Updated August 20, 2007 19:47:34

Japanese Prime Minister Shinzo Abe has begun a week-long visit to Indonesia, India and Malaysia. In the Indonesian capital Jakarta, Mr Abe met President Susilo Bambang Yudhoyono and signed a bilateral free trade agreement, which aims to strengthen ties ahead of next year's 50th anniversary of the establishment of diplomatic relations between the two countries. On Tuesday Mr Abe will travel to India -- where he's due to visit relatives of Indian leaders who supported Japan during and after World War Two.

Presenter: Nasya Bahfen
Speakers: Punendra Jain, Professor, University of Adelaide

BAHFEN: Prime Minister Abe plans to meet descendants of Justice Radhabinod Pal - the only judge at the Tokyo war crimes tribunal to support Japan. Mr Abe will also meet with the family of Indian independence leader Subhas Chandra Bose, who sided with imperial Japan in the 1940s. The University of Adelaide's Professor Purnendra Jain has written extensively on Japan's international relations. He says the pre-war Indian nationalists saw an alliance with Japan as a step to independence.

JAIN: Some Indian leaders at that time they were thinking in terms of cooperating with Japan in order to get rid of the British from India. This judge… Radhabinod Pal was on the eleven judge panel of the Tokyo tribunal where he had the lone dissenting voice saying that it was not fair for the victors to impose on the vanquished.

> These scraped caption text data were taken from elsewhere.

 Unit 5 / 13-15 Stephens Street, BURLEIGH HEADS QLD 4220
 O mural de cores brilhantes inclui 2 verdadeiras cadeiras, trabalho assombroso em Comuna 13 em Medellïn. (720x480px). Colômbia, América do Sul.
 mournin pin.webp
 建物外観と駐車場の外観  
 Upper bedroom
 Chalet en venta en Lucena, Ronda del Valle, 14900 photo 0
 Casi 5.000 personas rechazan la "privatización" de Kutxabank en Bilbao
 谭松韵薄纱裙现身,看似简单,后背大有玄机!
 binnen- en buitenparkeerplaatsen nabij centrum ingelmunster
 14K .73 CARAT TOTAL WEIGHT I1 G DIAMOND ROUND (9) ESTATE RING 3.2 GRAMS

BAHFEN: Prime Minister Abe has been instrumental in repairing ties with China and South Korea, after his predecessor Junichiro Koizumi angered Beijing and Seoul with regular visits to a shrine commemorating Japan's war heroes. According to Mr Abe meeting the families of two prominent Indians who supported Japan during and after World War II, will not strain ties with China and South Korea. But South Korea's Chosun Ilbo newspaper calls the proposed visits nauseating. And the Korea Times says they're "deplorable" and tantamount to denying that Japan inflicted suffering on other Asian countries during the war. Professor Jain says they're unlikely to affect Japan's current relationship with its neighbours.

JAIN: Certainly there will be some eyebrows raised in some of those countries as to the intention behind Abe's meeting with these people, but I really don't think it's going to create a whole deal of problems in China or South Korea with regards to Abe's meeting with descendants of these Indian leaders who were very sympathetic to Japan.

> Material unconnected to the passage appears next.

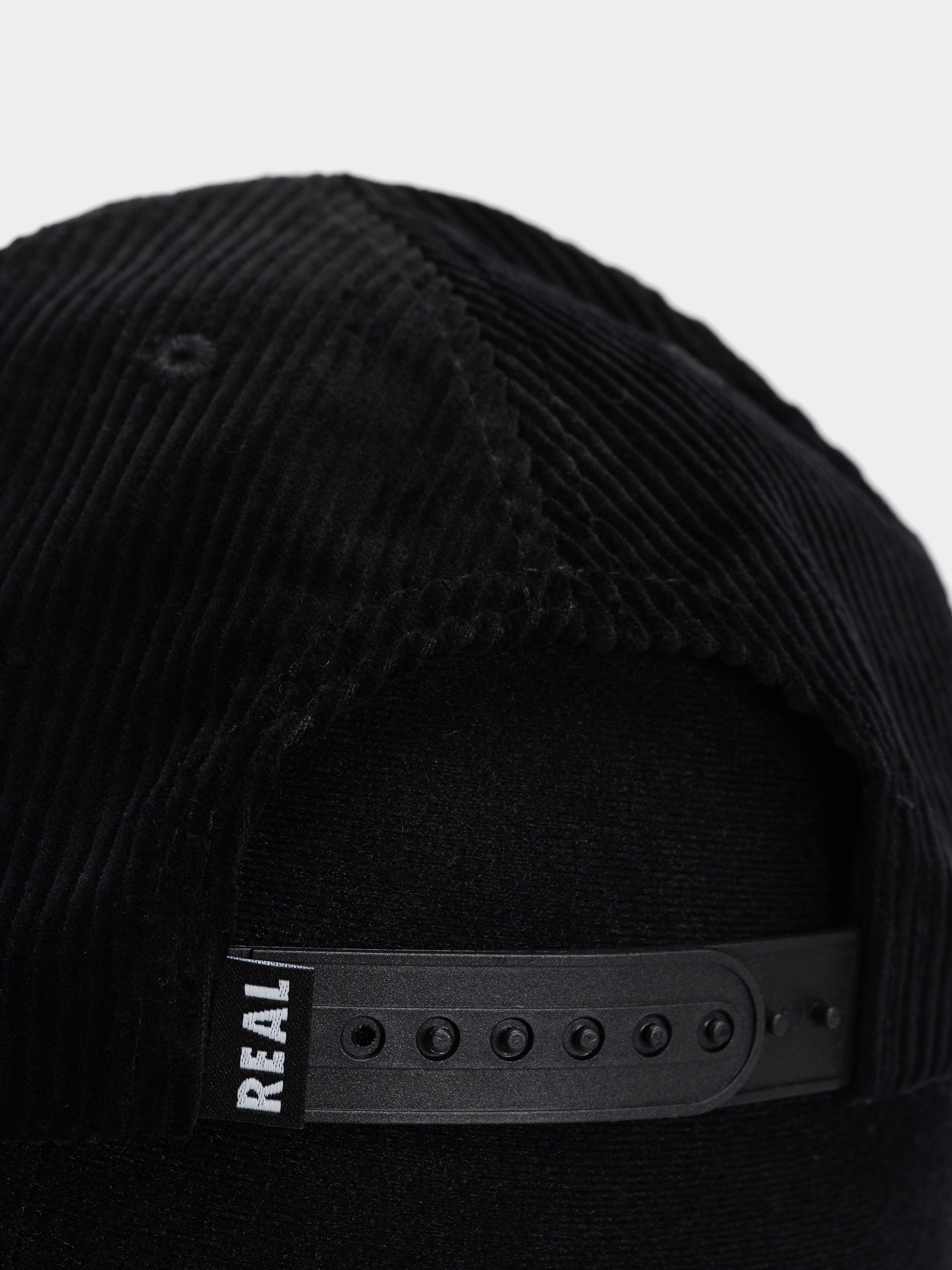 Кепка Real Oval (black/black)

BAHFEN: Prime Minister Abe's visit is historic. He's following in the footsteps of his grandfather and the then Japanese Prime Minister Nobosuke Kishi, who visited India fifty years ago. He's expected to announce strategic agreements with his Indian counterpart on security, economic ties, and scientific research. And he'll be the first Japanese Prime Minister to address a joint session of the Indian parliament. Adelaide University's Professor Purnendra Jain says this is a rare honour - not extended to US President George W Bush or Chinese President Hu Jintao when they were in India.

JAIN: Abe is in particular becoming well known in India because of his views as to how Jap and India should work together. I mean democracy is one aspect but there are a whole range of other strategic issues where Abe sees a clear role for India and the current Indian government under Manmohan Singh has responded very very positively.